Oggi l’atlante del nazionalismo europeo è estremamente frastagliato e complesso. Nazionalisti sono i movimenti anti-Ue in molti paesi: in Gran Bretagna naturalmente, e in Francia, Germania, Spagna, Italia, Grecia. Tenuti a freno dalla convenienza economica, ma non del tutto. Il Belgio è diviso irreparabilmente tra fiamminghi e valloni. La Gran Bretagna tra inglesi, scozzesi e irlandesi. In Spagna la Catalogna potrebbe aprire la via alla secessione anche dei Paesi baschi e della Galizia. I problemi più ardui sono posti dalla Russia, che non ha confini naturali a Ovest, e vi ha avuto frontiere ondeggianti negli ultimi due secoli: quelli con l’Ucraina sono da qualche anno materia di conflitto aperto, altri se ne potrebbero aprire con la Polonia, la Romania e la Turchia.

Siriani – Steve Jobs era uno di loro. Uno degli immigrati per antonomasia dell’attuale ondata di sbarchi in Europa. Era nato negli Usa ma da padre siriano: il personaggio eponimo degli Stati Uniti oggi faceva parte in qualche modo del mondo eponimo degli immigrati che ora si rifiutano.
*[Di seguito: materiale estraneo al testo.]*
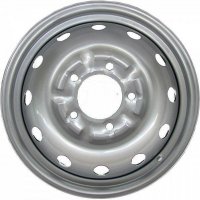 ТЗСК Lada Urban 4x4/Bronto 6.5x16 5*139.7 ET40 DIA98 Silver Штампованный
Il padre, che all’epoca lavorava da meccanico (ma era uno dei più giovani dottorandi negli Usa, e sarà poi professore di Scienza politica), e la madre, una ragazza svizzera, lo diedero in adozione appena nato, a Paul e Clara Jobs. Che adotteranno anche una bambina, ma pochi anni dopo, quando Steve aveva sette anni, divorzieranno. I genitori naturali invece si sposeranno, e  daranno a Steve una sorella, Mona Simpson, che sarà romanziera e autrice cinematografica. Steve Jobs sarà sempre molto legato ai genitori adottivi, e si rifiuterà di incontrare i genitori naturali.